After the ceremony I realized I’d still have time to catch the dubious bellydancer show if I wanted to. I got there at 9:30 because the flyer promised live music. I was expecting a fasil band…but of course it was just one guy singing along with his guitar. I should have stayed outside for the kannun player and singer in the street, but in a terrace restaurant only the men who work there can hit on you, you’re not subject to every man on the street.
I chit-chatted with one waiter as I drank my beer. He brought me a small silk elephant, which I sat next to me as my date.
The place was almost empty but they told me it would fill up around 10:30 for the show. Various tables did come, as did a table of 20+ Spaniards paying full price. The head waiter let me move closer to the “stage” area (which was still bigger than any floorspace given to me in Tokyo) with the cheesy line of “You can watch better… and I can watch you better.” The headwaiter also gave me a couple lines about how I wouldn’t have to worry about him because he doesn’t give him card to anyone but his mother and his grandmother…but he looked like a sexy version of the guy who wrote the Game for pick-up artists and said it in a way that made me think “I know what you’re doing, this whole exclusive, too good for the women who come in here act is supposed to make me try for you …”so I kept my card holstered.
Then, a woman who had been sitting at a head table shucked her long coat off to reveal her costume. On the flyer she’d had something like a Bella on, but this was more budget a costume. Still, she WAS the same girl as on the flyer, which is a sort of honesty you rarely find here in Japan (may I remind you that Anatolia in Shibuya has Aziza on their front sign).
She trotted off and they started her music. It was all Egyptian and familiar.
She was also familiar in her “wearing huge stripper shoes with skirts that have been hemmed for a barefoot dancers” way that brought to mind many generic you tube videos of Turkish dancers. It also brought to mind my own argument with the owner of Ala Turca about wanting us all in heels.
She was, in many ways, the bad Turkish dancer we’ve all seen. Her arms were weak. You could see the lights turning off in her eyes and how she didn’t modify her choreography to avoid flashing fake smiles at empty tables. There was a lot of flopping over at the waist and it not looking good, over use of hair tossing, and the occasional dramatic adjusting of breasts.
Still, there were moments where something turned on behind her eyes and she was there and maybe even enjoying herself. There were move I hand’t seen but liked. It was a short set, but closer to the restaurant set that I am familiar to here than the dinner-theater shows I’d see later.

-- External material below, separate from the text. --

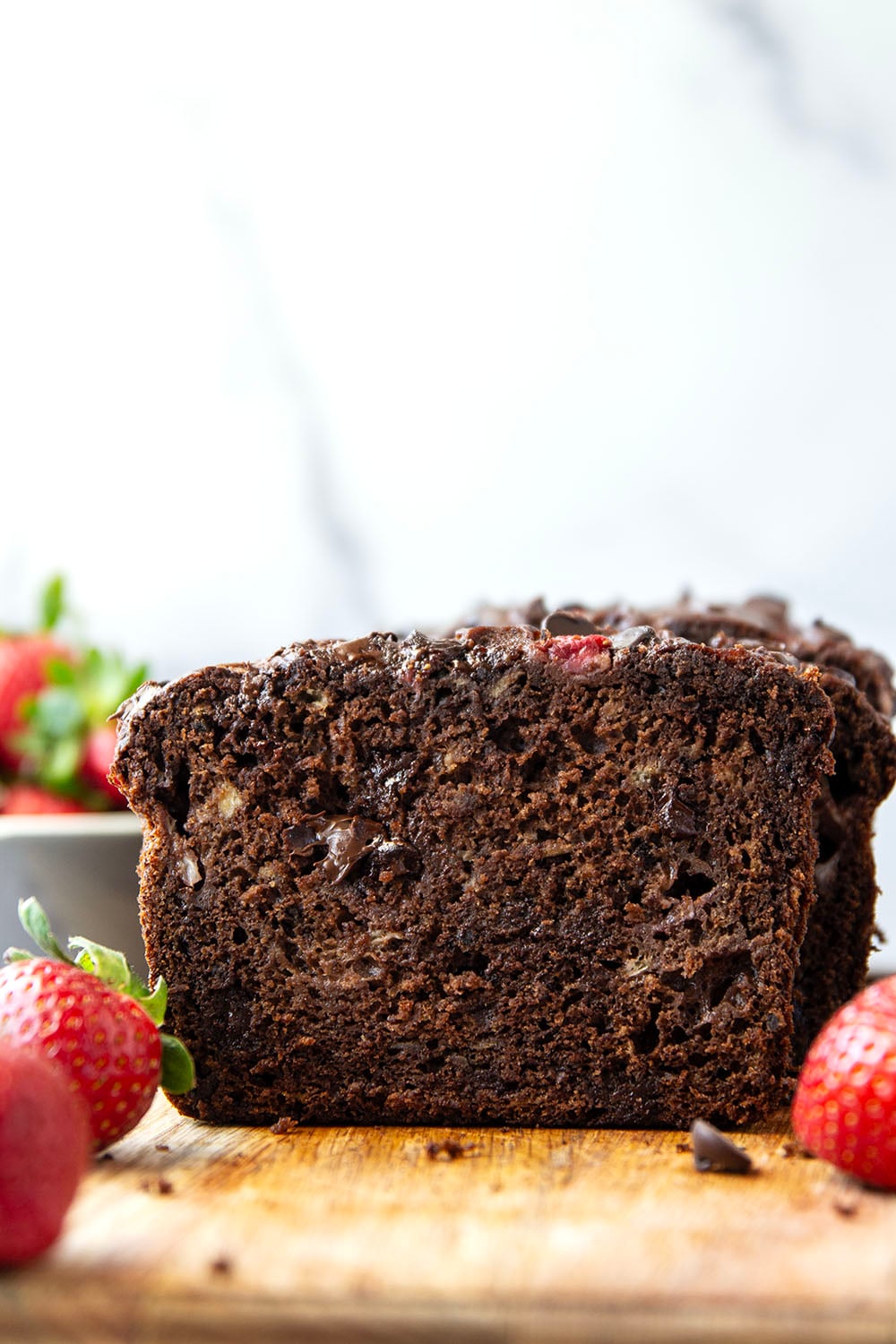 A double whammy of chocolate and juicy strawberries come together in this indulgent chocolate strawberry banana bread. You can't help but go back for another slice!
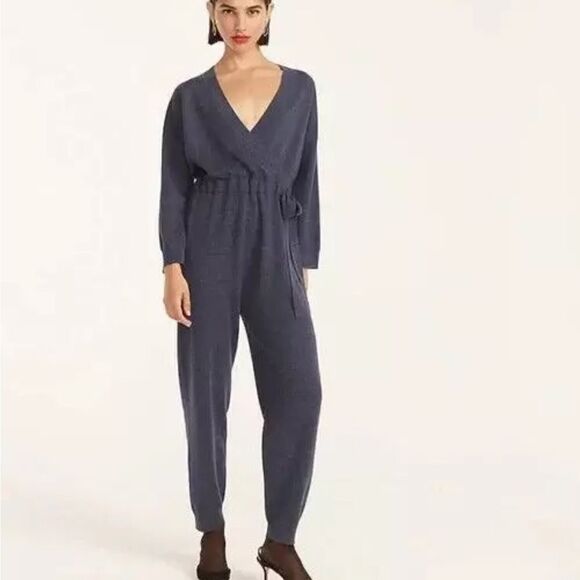 J.Crew Women’s Merino Wool V-Neck Sweater Jumpsuit Blue Sz Small Preppy Casual - Picture 1 of 11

There was they show and then there was the equally long time of going around to each table and soliticing tips (and, yes, allowing tips right into her bra cups…) which was as interesting to watch. I never get to act violent and pull the hair of customers here or and wouldn’t think of shoving heads towards my breasts. She tried to play a too-long game of “ooop, I’m moving my hip away from your money, can you get me?” with me but didn’t know who she was dealing with. Her jaw dropped when she brought her hip back for another teasing pass and realized I’d gotten money into her belt without her even feeling it. I tip as a kindness, but have no need for tipping games.
I left after three beers…pretty damned tipsy. This was when one pick-up artist got bitchy and wished me a long and lonely life. I’d told him, straight up, that I needed to pee and wasn’t interested in more drinks. When he provided a bathroom at a nearby bar he was disappointed to find that leading me to a toilet had not made me want to drink with him.
This was also when I met Halit, who ended up knowing people who worked at Simsir restaurant in Yokohama where Eshe used to dance and where I used to fill in. If you can provide the station name for Simsir, you’re legit. So I had a drink with Halit and his friend Haji, and we chatted in Japanese, before I crashed at my hotel for the night.